Ять узнал его манеру повторять слова; теперь он повторял почти все, словно и в речи положил за правило совершать как можно больше усилий – произносить фразу по два и три раза, упражняя даже язык.
– Надо тренироваться, надо тренироваться, – бормотал он, – ведь непременно придут, непременно… Они скажут: таскай, таскай, – а я уже и таскаю, таскаю…
Ять не помнил разговора, в котором навел Трифонова на губительную мысль готовиться к приходу грядущих гуннов и упражнять мышцы ввиду предстоящего перехода всей интеллигенции к грубому физическому труду. Тем не менее в этом безумии была своя логика: он давно чувствовал что-то подобное – коль скоро мир упростился, в нем не остается места квалифицированной работе, и Трифонов был по-своему глубоко прав, закаляясь и упражняясь для будущих трудов.
– Умереть хотел, но умереть нельзя, – бубнил Трифонов, – должна исполниться мера, исполниться мера… Тогда только. До этого – терпеть, терпеть, таскать, таскать… Одно только: ведь камнями не ограничится. Больше всего знаете чего боюсь? Боюсь, что ведь рано или поздно они возьмут. Ну, сейчас, положим, таскаю, – они увидят, что таскаю, и подумают: вот хитрый, должны были мы тебя заставить, а ты сам себя заставил. Самоуправство, самоуправство! – и он хитро погрозил пальцем. – Тогда возьмут. Положим, готов: ем мало, мыться забыл, вот ношу пальто, чтобы тоже худеть… От пота очень худеешь, сильно худеешь. И вот я думаю: возьмут, но у меня кольцо! – Он поднял руку, и Ять увидел на толстом безымянном пальце золотое кольцо. – Еще обручальное, теперь не снимешь. Вросло, вросло… Кто-то из уголовных непременно потребует снять, а я снять не смогу. Что делать? Отрубят палец. Но, положим, один найдется, всегда один найдется, который защитит, скажет: не руби палец, я сниму. Он будет думать, что если он меня чем выручит, так и я его потом чем выручу. Вдруг у меня не только кольцо, а еще есть золотые зубы. Но тогда я рано или поздно перед ним обнаружусь во всей своей ничтожности, и его-то разочарование будет всего ужасней… всего ужасней… да… Я думаю, всегда есть один такой, который помогает; он помогает не от любви, конечно, не от хорошей души, а от надежды на какую-то с нашей стороны отдачу, подачку; и вот он будет мне помогать, даже служить, ведь барин, барин, – а потом поймет, что я ничего, ничего не могу; и вот его-то презрение мне будет хуже всех. Лучше, чтобы сразу все возненавидели, всегда лучше, когда сразу; и палец пусть тоже отрубят сразу… Ять в ужасе попятился к двери.
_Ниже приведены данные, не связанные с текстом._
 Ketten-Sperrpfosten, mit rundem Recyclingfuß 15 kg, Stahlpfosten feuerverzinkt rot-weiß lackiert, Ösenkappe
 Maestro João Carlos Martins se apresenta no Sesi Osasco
– Погодите, – просительно пробормотал Трифонов, – скажите, а можно ли умереть прежде, чем возьмут? Отпустил бы меня кто, и я бы умер. Но сам себя я не могу отпустить, я должен ходить и таскать, ходить и таскать, пока мне не исполнится мера…
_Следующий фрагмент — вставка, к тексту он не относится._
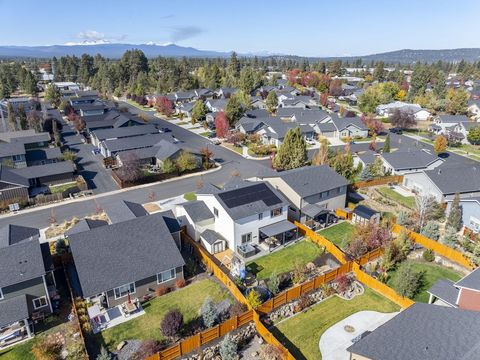 Tiny photo for 61394 Coachman Way, Bend, OR 97702 (MLS # 220213071)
Ять выскользнул из логова и побежал вниз по грязной лестнице.
– Ходить и таскать! – вслед ему кричал Трифонов. – Ходить и таскать!
13
И он ходил.
Двадцать шестого апреля он вернулся на Крестовский, там царила паника – шумно обсуждали краминовский арест. Двадцать седьмого Краминова выпустили, а Ять опять повздорил с Корабельниковым и ушел на Елагин. На Елагином вовсю готовились к первомайской демонстрации – «чтобы хамы не думали, будто у них праздник»; идея принадлежала Хмелеву, и Извольский со скрипом согласился.
– Мы выйдем на улицу, – жестко сказал Хмелев. – И мы покажем хамам, что думаем о них.
Он по-прежнему мечтал о разгоне коммуны, но видел, что никакая политическая борьба в голодном городе немыслима, что до них попросту никому нет дела; демонстрация была его последним шансом напомнить о себе и привлечь сочувствующих. Новая власть делалась все омерзительнее. Не встречая никакого сопротивления, Ульянов-Ленин, фигура пустая и совершенно дутая, заполнял все российское пространство. Он даже начал Хмелеву сниться: самое ужасное, что и во сне он был непонятен.